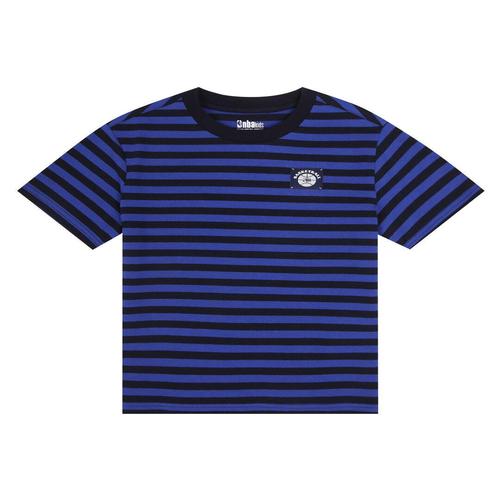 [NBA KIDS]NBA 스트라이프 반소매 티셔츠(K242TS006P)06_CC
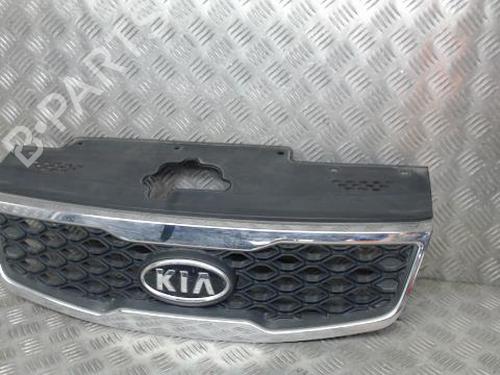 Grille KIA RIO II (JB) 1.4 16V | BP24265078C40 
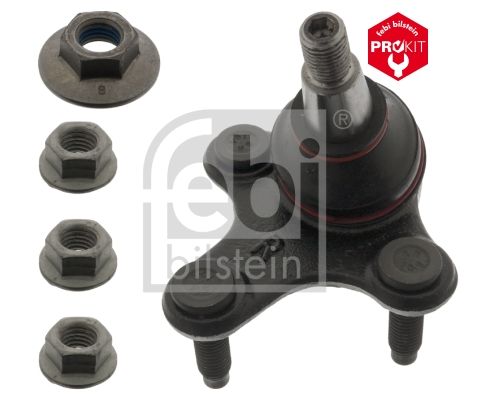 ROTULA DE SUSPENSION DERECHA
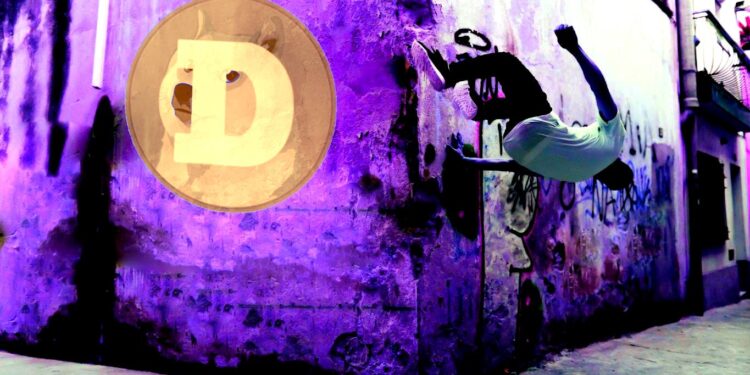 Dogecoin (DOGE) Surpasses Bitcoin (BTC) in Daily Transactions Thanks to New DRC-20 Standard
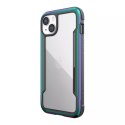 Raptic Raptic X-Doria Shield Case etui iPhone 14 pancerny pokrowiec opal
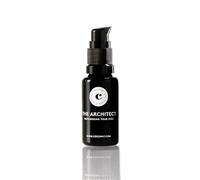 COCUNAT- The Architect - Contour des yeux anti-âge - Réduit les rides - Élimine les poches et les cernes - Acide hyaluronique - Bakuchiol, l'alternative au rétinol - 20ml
...
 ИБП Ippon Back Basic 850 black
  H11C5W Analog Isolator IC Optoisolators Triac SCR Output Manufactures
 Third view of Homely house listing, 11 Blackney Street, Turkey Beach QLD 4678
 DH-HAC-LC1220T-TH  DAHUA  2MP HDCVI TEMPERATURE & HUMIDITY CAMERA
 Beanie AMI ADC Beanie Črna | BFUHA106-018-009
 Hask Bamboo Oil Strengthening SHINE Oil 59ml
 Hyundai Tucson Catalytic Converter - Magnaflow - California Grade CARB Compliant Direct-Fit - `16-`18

#### [Aim of the exercise]
Working from the entries above, please transcribe only the lines from the line with "[NBA KIDS]NBA 스트라이프 반소매 티셔츠(K242TS006P)06_CC" through the line with "COCUNAT- The Architect", exactly, with both end lines and without pictures.

#### [Written reply]
 [NBA KIDS]NBA 스트라이프 반소매 티셔츠(K242TS006P)06_CC
 Grille KIA RIO II (JB) 1.4 16V | BP24265078C40 
 ROTULA DE SUSPENSION DERECHA
 Dogecoin (DOGE) Surpasses Bitcoin (BTC) in Daily Transactions Thanks to New DRC-20 Standard
 Raptic Raptic X-Doria Shield Case etui iPhone 14 pancerny pokrowiec opal
 COCUNAT- The Architect - Contour des yeux anti-âge - Réduit les rides - Élimine les poches et les cernes - Acide hyaluronique - Bakuchiol, l'alternative au rétinol - 20ml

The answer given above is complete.